MATERIAL PROVIDED ->
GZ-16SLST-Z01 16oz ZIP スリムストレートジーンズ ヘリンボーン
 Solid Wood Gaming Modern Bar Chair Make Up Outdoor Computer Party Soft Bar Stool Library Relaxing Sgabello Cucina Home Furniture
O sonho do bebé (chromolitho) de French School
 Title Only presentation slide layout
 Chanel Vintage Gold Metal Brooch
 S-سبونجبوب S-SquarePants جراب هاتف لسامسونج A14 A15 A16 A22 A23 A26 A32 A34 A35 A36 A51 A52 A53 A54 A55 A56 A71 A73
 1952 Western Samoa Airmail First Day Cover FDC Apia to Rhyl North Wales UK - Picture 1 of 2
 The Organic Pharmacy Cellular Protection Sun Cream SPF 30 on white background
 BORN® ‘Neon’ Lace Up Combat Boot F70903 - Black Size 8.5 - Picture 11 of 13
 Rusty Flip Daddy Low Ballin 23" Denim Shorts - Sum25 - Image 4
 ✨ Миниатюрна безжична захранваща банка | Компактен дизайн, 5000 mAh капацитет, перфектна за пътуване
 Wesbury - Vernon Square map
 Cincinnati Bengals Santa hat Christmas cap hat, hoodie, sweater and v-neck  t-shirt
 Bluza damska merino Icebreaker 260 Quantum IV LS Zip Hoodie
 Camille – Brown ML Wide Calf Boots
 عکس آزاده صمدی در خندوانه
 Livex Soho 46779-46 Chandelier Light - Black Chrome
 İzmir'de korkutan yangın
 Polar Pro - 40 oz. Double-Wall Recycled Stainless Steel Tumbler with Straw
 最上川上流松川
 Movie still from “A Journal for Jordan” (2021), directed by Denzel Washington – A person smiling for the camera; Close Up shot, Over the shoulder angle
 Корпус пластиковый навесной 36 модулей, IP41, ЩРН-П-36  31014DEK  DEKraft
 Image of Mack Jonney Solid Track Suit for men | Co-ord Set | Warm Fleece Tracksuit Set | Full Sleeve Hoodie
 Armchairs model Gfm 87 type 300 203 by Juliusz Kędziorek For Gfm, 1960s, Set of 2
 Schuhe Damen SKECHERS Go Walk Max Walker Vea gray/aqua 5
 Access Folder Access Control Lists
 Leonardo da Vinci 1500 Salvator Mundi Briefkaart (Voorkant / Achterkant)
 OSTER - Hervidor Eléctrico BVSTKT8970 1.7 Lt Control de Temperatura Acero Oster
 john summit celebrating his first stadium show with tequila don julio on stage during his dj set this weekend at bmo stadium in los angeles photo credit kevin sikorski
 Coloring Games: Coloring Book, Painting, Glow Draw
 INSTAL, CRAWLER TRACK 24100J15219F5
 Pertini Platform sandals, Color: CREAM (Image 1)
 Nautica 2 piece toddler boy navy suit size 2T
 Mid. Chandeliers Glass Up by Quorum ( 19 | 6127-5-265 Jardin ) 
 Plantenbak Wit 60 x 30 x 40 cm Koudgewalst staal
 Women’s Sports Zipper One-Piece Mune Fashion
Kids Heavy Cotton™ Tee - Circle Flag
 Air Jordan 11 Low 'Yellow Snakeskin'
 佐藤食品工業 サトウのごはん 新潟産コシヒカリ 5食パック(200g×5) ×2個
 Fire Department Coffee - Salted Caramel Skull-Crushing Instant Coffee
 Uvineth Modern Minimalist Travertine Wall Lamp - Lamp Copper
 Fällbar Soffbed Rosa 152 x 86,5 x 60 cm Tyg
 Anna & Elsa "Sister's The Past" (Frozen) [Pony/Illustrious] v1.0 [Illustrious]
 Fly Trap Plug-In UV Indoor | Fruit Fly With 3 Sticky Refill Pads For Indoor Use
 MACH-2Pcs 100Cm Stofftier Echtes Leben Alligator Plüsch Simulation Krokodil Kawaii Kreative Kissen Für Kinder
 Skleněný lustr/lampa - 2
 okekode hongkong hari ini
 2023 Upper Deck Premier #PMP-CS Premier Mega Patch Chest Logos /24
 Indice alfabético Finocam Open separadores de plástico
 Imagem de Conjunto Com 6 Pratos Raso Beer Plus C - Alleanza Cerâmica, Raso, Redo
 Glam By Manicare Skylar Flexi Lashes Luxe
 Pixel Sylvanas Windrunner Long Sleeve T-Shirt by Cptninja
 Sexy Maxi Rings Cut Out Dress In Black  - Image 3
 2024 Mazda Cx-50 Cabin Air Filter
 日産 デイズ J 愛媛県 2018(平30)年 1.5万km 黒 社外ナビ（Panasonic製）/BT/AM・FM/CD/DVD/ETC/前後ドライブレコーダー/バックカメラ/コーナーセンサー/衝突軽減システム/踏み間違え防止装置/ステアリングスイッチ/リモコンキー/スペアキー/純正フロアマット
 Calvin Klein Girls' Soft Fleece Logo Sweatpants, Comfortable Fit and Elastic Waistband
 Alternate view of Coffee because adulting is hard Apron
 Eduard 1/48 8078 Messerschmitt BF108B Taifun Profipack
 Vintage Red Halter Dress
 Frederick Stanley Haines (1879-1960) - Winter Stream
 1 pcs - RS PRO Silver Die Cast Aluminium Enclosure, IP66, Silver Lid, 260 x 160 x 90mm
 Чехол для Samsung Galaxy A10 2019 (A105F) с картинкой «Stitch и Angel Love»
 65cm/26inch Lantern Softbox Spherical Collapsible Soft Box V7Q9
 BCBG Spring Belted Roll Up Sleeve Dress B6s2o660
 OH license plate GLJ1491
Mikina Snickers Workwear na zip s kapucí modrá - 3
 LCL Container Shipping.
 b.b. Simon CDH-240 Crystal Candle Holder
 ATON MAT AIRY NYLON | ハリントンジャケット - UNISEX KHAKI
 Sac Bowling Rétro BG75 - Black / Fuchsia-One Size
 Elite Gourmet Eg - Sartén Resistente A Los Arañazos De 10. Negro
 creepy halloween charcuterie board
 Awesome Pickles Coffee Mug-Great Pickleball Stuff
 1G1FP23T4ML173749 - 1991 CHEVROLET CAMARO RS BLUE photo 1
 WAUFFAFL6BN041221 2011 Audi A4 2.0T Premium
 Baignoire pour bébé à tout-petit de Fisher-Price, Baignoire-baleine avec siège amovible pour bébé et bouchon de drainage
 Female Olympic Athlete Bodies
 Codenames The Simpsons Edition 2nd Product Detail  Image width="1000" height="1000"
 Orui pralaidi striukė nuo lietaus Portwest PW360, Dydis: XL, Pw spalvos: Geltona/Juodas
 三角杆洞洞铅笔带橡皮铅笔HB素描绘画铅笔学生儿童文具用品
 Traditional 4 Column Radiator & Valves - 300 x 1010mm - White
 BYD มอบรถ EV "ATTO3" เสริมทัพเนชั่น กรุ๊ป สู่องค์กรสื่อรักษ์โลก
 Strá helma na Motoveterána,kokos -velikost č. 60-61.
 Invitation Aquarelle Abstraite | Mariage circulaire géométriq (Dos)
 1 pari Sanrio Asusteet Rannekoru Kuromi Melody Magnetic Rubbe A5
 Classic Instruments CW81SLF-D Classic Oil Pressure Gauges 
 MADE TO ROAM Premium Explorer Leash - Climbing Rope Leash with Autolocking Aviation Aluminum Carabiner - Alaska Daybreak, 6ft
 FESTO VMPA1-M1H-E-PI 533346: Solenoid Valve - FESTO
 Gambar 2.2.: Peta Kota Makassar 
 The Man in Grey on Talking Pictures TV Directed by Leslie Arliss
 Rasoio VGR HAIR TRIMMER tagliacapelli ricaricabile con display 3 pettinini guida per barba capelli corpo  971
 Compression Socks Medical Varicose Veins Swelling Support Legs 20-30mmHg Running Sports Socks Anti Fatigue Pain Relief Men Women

WHAT THE EXERCISE ASKS ->
Write every record out again, letter for letter.

YOUR SOLUTION ->
GZ-16SLST-Z01 16oz ZIP スリムストレートジーンズ ヘリンボーン
 Solid Wood Gaming Modern Bar Chair Make Up Outdoor Computer Party Soft Bar Stool Library Relaxing Sgabello Cucina Home Furniture
O sonho do bebé (chromolitho) de French School
 Title Only presentation slide layout
 Chanel Vintage Gold Metal Brooch
 S-سبونجبوب S-SquarePants جراب هاتف لسامسونج A14 A15 A16 A22 A23 A26 A32 A34 A35 A36 A51 A52 A53 A54 A55 A56 A71 A73
 1952 Western Samoa Airmail First Day Cover FDC Apia to Rhyl North Wales UK - Picture 1 of 2
 The Organic Pharmacy Cellular Protection Sun Cream SPF 30 on white background
 BORN® ‘Neon’ Lace Up Combat Boot F70903 - Black Size 8.5 - Picture 11 of 13
 Rusty Flip Daddy Low Ballin 23" Denim Shorts - Sum25 - Image 4
 ✨ Миниатюрна безжична захранваща банка | Компактен дизайн, 5000 mAh капацитет, перфектна за пътуване
 Wesbury - Vernon Square map
 Cincinnati Bengals Santa hat Christmas cap hat, hoodie, sweater and v-neck  t-shirt
 Bluza damska merino Icebreaker 260 Quantum IV LS Zip Hoodie
 Camille – Brown ML Wide Calf Boots
 عکس آزاده صمدی در خندوانه
 Livex Soho 46779-46 Chandelier Light - Black Chrome
 İzmir'de korkutan yangın
 Polar Pro - 40 oz. Double-Wall Recycled Stainless Steel Tumbler with Straw
 最上川上流松川
 Movie still from “A Journal for Jordan” (2021), directed by Denzel Washington – A person smiling for the camera; Close Up shot, Over the shoulder angle
 Корпус пластиковый навесной 36 модулей, IP41, ЩРН-П-36  31014DEK  DEKraft
 Image of Mack Jonney Solid Track Suit for men | Co-ord Set | Warm Fleece Tracksuit Set | Full Sleeve Hoodie
 Armchairs model Gfm 87 type 300 203 by Juliusz Kędziorek For Gfm, 1960s, Set of 2
 Schuhe Damen SKECHERS Go Walk Max Walker Vea gray/aqua 5
 Access Folder Access Control Lists
 Leonardo da Vinci 1500 Salvator Mundi Briefkaart (Voorkant / Achterkant)
 OSTER - Hervidor Eléctrico BVSTKT8970 1.7 Lt Control de Temperatura Acero Oster
 john summit celebrating his first stadium show with tequila don julio on stage during his dj set this weekend at bmo stadium in los angeles photo credit kevin sikorski
 Coloring Games: Coloring Book, Painting, Glow Draw
 INSTAL, CRAWLER TRACK 24100J15219F5
 Pertini Platform sandals, Color: CREAM (Image 1)
 Nautica 2 piece toddler boy navy suit size 2T
 Mid. Chandeliers Glass Up by Quorum ( 19 | 6127-5-265 Jardin ) 
 Plantenbak Wit 60 x 30 x 40 cm Koudgewalst staal
 Women’s Sports Zipper One-Piece Mune Fashion
Kids Heavy Cotton™ Tee - Circle Flag
 Air Jordan 11 Low 'Yellow Snakeskin'
 佐藤食品工業 サトウのごはん 新潟産コシヒカリ 5食パック(200g×5) ×2個
 Fire Department Coffee - Salted Caramel Skull-Crushing Instant Coffee
 Uvineth Modern Minimalist Travertine Wall Lamp - Lamp Copper
 Fällbar Soffbed Rosa 152 x 86,5 x 60 cm Tyg
 Anna & Elsa "Sister's The Past" (Frozen) [Pony/Illustrious] v1.0 [Illustrious]
 Fly Trap Plug-In UV Indoor | Fruit Fly With 3 Sticky Refill Pads For Indoor Use
 MACH-2Pcs 100Cm Stofftier Echtes Leben Alligator Plüsch Simulation Krokodil Kawaii Kreative Kissen Für Kinder
 Skleněný lustr/lampa - 2
 okekode hongkong hari ini
 2023 Upper Deck Premier #PMP-CS Premier Mega Patch Chest Logos /24
 Indice alfabético Finocam Open separadores de plástico
 Imagem de Conjunto Com 6 Pratos Raso Beer Plus C - Alleanza Cerâmica, Raso, Redo
 Glam By Manicare Skylar Flexi Lashes Luxe
 Pixel Sylvanas Windrunner Long Sleeve T-Shirt by Cptninja
 Sexy Maxi Rings Cut Out Dress In Black  - Image 3
 2024 Mazda Cx-50 Cabin Air Filter
 日産 デイズ J 愛媛県 2018(平30)年 1.5万km 黒 社外ナビ（Panasonic製）/BT/AM・FM/CD/DVD/ETC/前後ドライブレコーダー/バックカメラ/コーナーセンサー/衝突軽減システム/踏み間違え防止装置/ステアリングスイッチ/リモコンキー/スペアキー/純正フロアマット
 Calvin Klein Girls' Soft Fleece Logo Sweatpants, Comfortable Fit and Elastic Waistband
 Alternate view of Coffee because adulting is hard Apron
 Eduard 1/48 8078 Messerschmitt BF108B Taifun Profipack
 Vintage Red Halter Dress
 Frederick Stanley Haines (1879-1960) - Winter Stream
 1 pcs - RS PRO Silver Die Cast Aluminium Enclosure, IP66, Silver Lid, 260 x 160 x 90mm
 Чехол для Samsung Galaxy A10 2019 (A105F) с картинкой «Stitch и Angel Love»
 65cm/26inch Lantern Softbox Spherical Collapsible Soft Box V7Q9
 BCBG Spring Belted Roll Up Sleeve Dress B6s2o660
 OH license plate GLJ1491
Mikina Snickers Workwear na zip s kapucí modrá - 3
 LCL Container Shipping.
 b.b. Simon CDH-240 Crystal Candle Holder
 ATON MAT AIRY NYLON | ハリントンジャケット - UNISEX KHAKI
 Sac Bowling Rétro BG75 - Black / Fuchsia-One Size
 Elite Gourmet Eg - Sartén Resistente A Los Arañazos De 10. Negro
 creepy halloween charcuterie board
 Awesome Pickles Coffee Mug-Great Pickleball Stuff
 1G1FP23T4ML173749 - 1991 CHEVROLET CAMARO RS BLUE photo 1
 WAUFFAFL6BN041221 2011 Audi A4 2.0T Premium
 Baignoire pour bébé à tout-petit de Fisher-Price, Baignoire-baleine avec siège amovible pour bébé et bouchon de drainage
 Female Olympic Athlete Bodies
 Codenames The Simpsons Edition 2nd Product Detail  Image width="1000" height="1000"
 Orui pralaidi striukė nuo lietaus Portwest PW360, Dydis: XL, Pw spalvos: Geltona/Juodas
 三角杆洞洞铅笔带橡皮铅笔HB素描绘画铅笔学生儿童文具用品
 Traditional 4 Column Radiator & Valves - 300 x 1010mm - White
 BYD มอบรถ EV "ATTO3" เสริมทัพเนชั่น กรุ๊ป สู่องค์กรสื่อรักษ์โลก
 Strá helma na Motoveterána,kokos -velikost č. 60-61.
 Invitation Aquarelle Abstraite | Mariage circulaire géométriq (Dos)
 1 pari Sanrio Asusteet Rannekoru Kuromi Melody Magnetic Rubbe A5
 Classic Instruments CW81SLF-D Classic Oil Pressure Gauges 
 MADE TO ROAM Premium Explorer Leash - Climbing Rope Leash with Autolocking Aviation Aluminum Carabiner - Alaska Daybreak, 6ft
 FESTO VMPA1-M1H-E-PI 533346: Solenoid Valve - FESTO
 Gambar 2.2.: Peta Kota Makassar 
 The Man in Grey on Talking Pictures TV Directed by Leslie Arliss
 Rasoio VGR HAIR TRIMMER tagliacapelli ricaricabile con display 3 pettinini guida per barba capelli corpo  971
 Compression Socks Medical Varicose Veins Swelling Support Legs 20-30mmHg Running Sports Socks Anti Fatigue Pain Relief Men Women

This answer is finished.